- Directions for this task -
Repeat only the stretch of lines below that runs from the line with "261 E 4th Street North Vancouver, BC - 29" through the line with "Детски маратонки adidas", unaltered.

- Data provided -
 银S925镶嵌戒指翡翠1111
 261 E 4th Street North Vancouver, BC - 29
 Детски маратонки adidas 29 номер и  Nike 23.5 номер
---
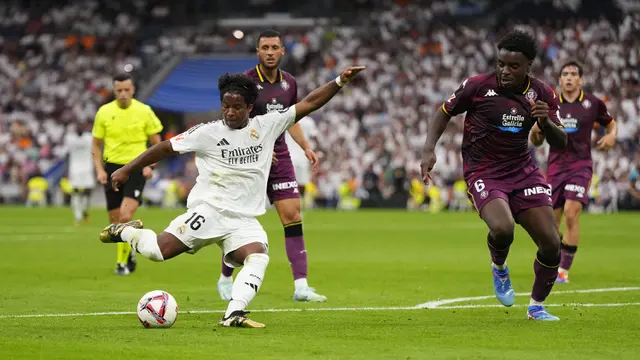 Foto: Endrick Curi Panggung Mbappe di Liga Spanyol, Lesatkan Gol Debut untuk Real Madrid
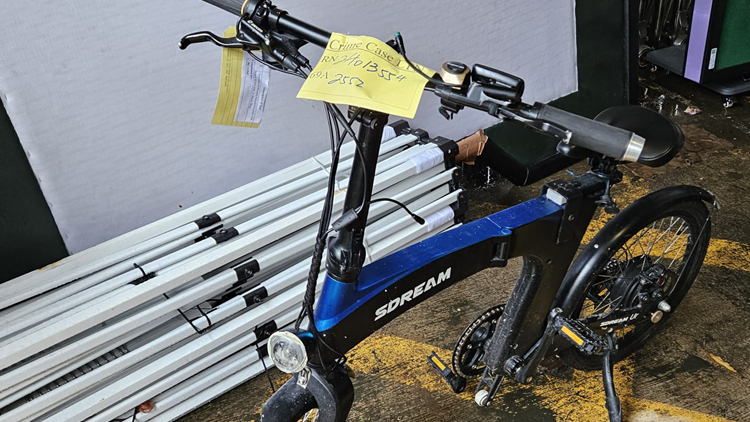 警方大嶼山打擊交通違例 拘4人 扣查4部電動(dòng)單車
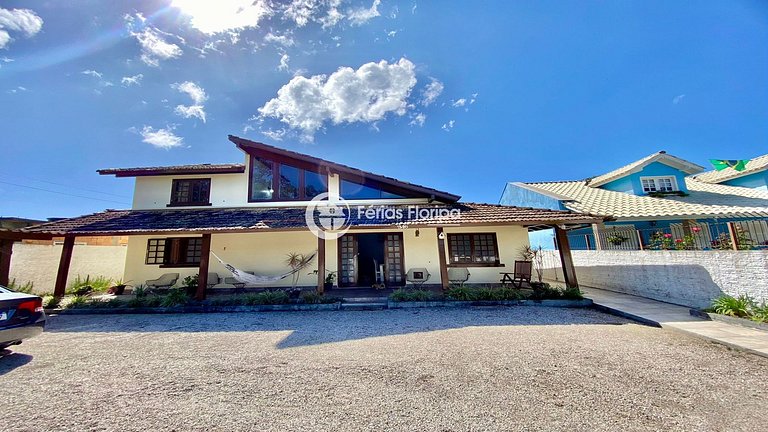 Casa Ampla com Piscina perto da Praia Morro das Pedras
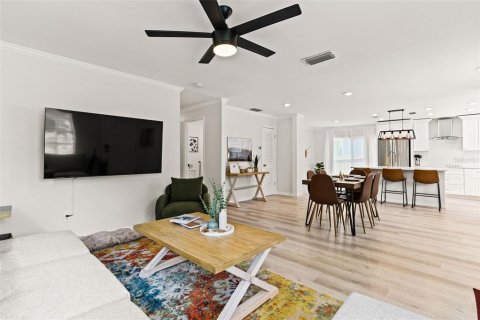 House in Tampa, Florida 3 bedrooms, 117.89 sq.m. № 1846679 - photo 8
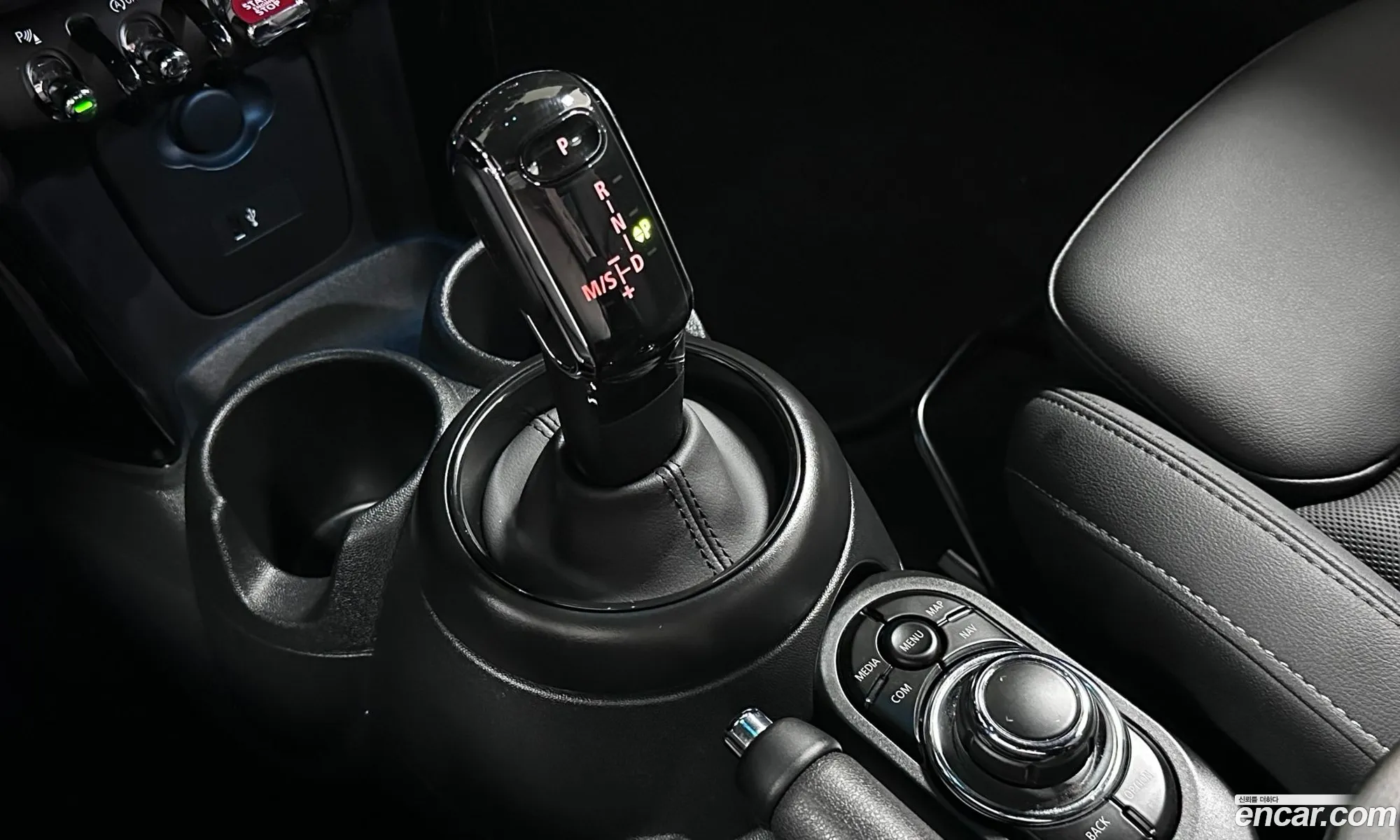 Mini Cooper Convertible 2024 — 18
* * *
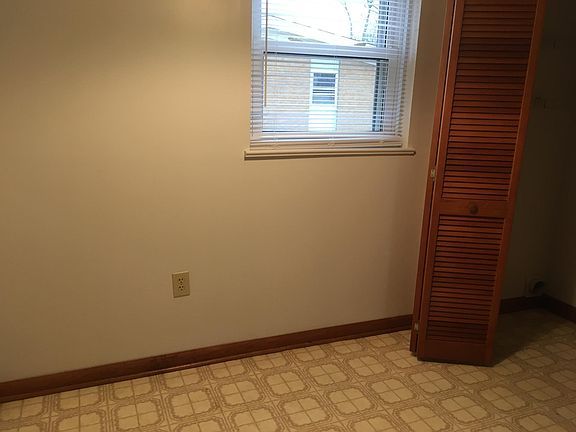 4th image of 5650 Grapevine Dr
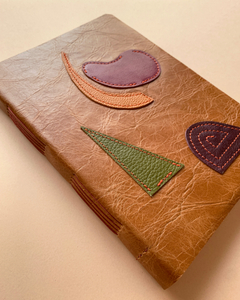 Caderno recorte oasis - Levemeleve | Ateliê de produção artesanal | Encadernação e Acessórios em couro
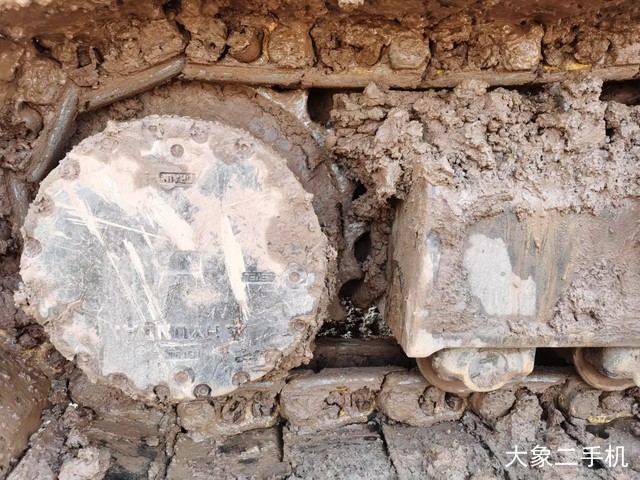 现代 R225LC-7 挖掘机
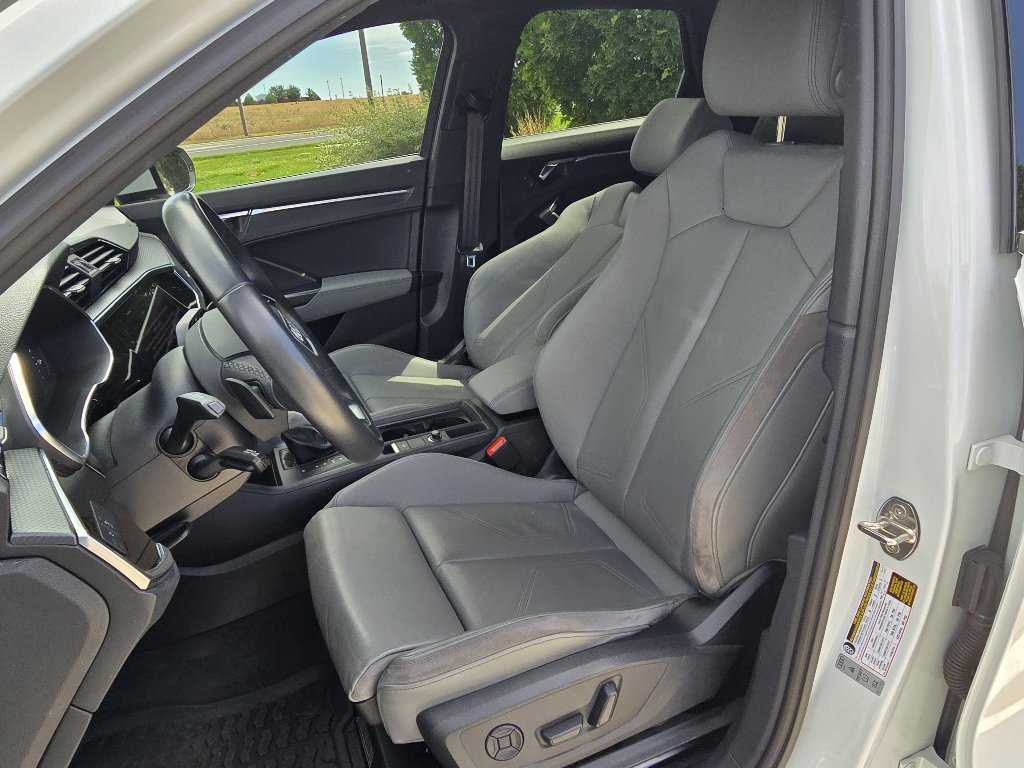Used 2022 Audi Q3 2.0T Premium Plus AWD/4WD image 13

- Problem solution -
 261 E 4th Street North Vancouver, BC - 29
 Детски маратонки adidas 29 номер и  Nike 23.5 номер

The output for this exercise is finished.